Il concorso, già una volta annullato per compra-vendita della banca dati utilizzata per le prove scritte, era stato ribandito e, ancora una volta, era stata utilizzata la medesima banca dati. Inoltre, le schede risposte consegnate ai candidati riportavano nome e cognome, in violazione del principio dell’anonimato della prova che deve essere garantito in tutti i concorsi pubblici.
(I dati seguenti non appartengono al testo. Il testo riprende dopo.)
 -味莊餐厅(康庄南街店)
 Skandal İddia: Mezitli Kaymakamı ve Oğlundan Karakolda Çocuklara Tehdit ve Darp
Per questi motivi, lo studio legale Leone-Fell & Associati aveva predisposto centinaia di ricorsi. “Non è stato semplice far valere le nostre ragioni – spiegano i legali – e già sapevamo sarebbe stato un iter lungo, ma non abbiamo mai perso la fiducia e sapevamo che anche questa volta sarebbe stata fatta giustizia”.
I circa 350 ricorrenti che, inizialmente non avevano superato la prova scritta – effettuata in violazione dell’anonimato e con una banca dati del tutto illegittima – adesso saranno convocati per effettuare le prove fisiche.
L’importanza di garantire il rispetto delle regole è stata riconosciuta anche dai giudici del Tar del Lazio che, a conclusione della decisione adottata hanno ammonito l’amministrazione che ha bandito il concorso affermando precisamente che “la decisione che precede avrà, come ulteriore effetto conformativo, l’onere per l’amministrazione di ripensare, per il futuro, le modalità con le quali espletare le diverse selezioni concorsuali che periodicamente bandisce, individuando forme di somministrazione dei test di prova che siano scrupolosamente rispettose del principio dell’anonimato, onde evitare, per il futuro, di incorrere in consistenti contenziosi, quale quello che ha interessato la procedura per cui è causa, e conseguenti inevitabili pronunce di accoglimento dei ricorsi, le cui pesanti ricadute sulle casse erariali sono facilmente intuibili”.